Copy verbatim the span of lines beginning at the line that contains "If that kind" and ending with the final line of the data. Exclude pictures from the copy.

(Extracted records)
━━━━━━━━━━
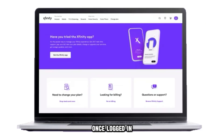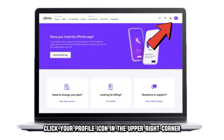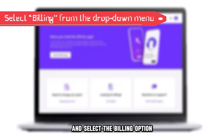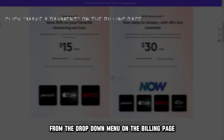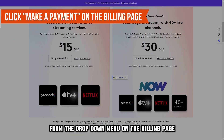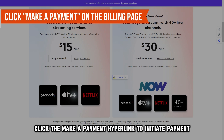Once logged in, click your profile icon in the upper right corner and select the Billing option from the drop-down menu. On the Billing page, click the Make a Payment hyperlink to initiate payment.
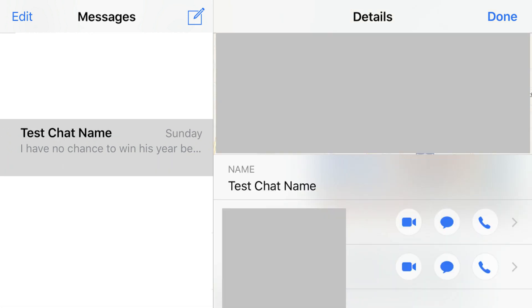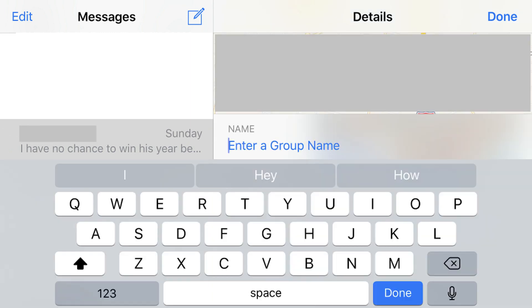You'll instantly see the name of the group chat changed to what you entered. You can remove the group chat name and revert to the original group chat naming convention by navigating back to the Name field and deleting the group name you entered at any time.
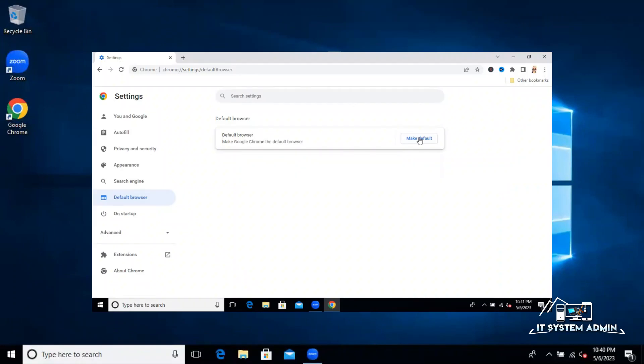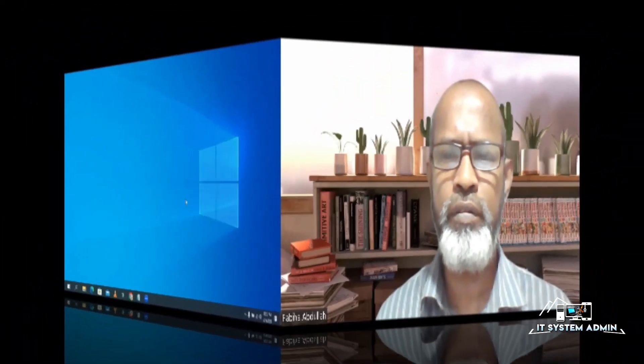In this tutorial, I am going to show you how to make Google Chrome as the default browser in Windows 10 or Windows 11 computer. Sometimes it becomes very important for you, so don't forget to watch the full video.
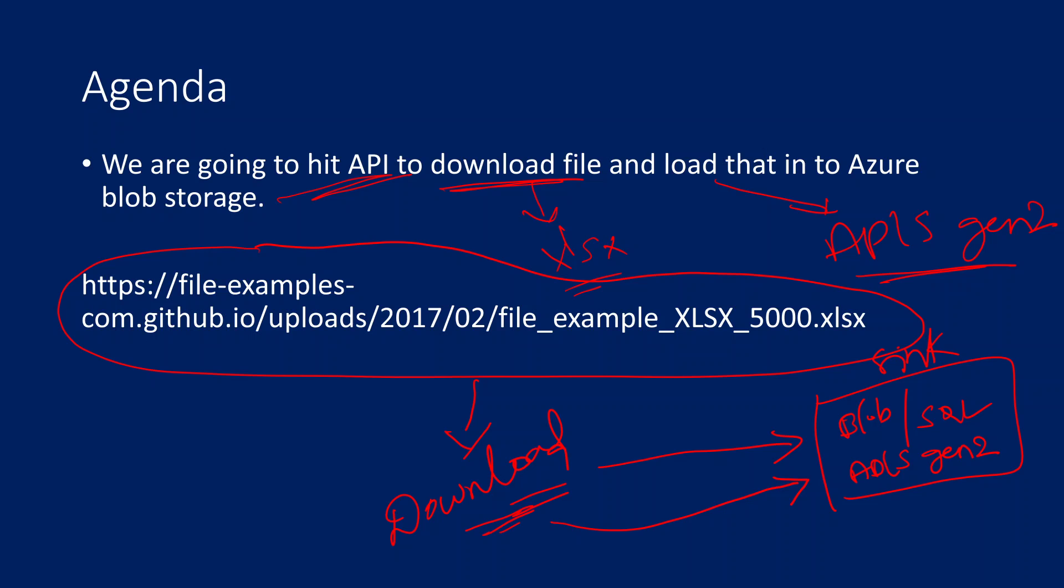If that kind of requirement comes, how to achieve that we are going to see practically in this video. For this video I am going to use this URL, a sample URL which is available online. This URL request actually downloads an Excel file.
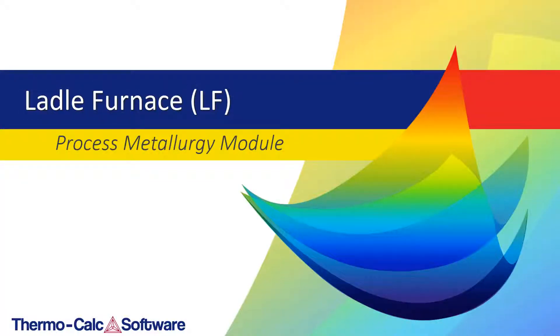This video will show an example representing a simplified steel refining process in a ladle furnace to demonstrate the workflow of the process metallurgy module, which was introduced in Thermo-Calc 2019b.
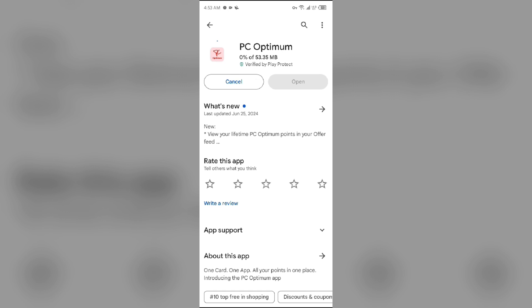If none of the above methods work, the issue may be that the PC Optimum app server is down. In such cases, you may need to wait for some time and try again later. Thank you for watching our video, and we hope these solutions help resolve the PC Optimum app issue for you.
━━━━━━━━━━
__SOLUTION TO THE EXERCISE__:
If that kind of requirement comes, how to achieve that we are going to see practically in this video. For this video I am going to use this URL, a sample URL which is available online. This URL request actually downloads an Excel file.
This video will show an example representing a simplified steel refining process in a ladle furnace to demonstrate the workflow of the process metallurgy module, which was introduced in Thermo-Calc 2019b.
If none of the above methods work, the issue may be that the PC Optimum app server is down. In such cases, you may need to wait for some time and try again later. Thank you for watching our video, and we hope these solutions help resolve the PC Optimum app issue for you.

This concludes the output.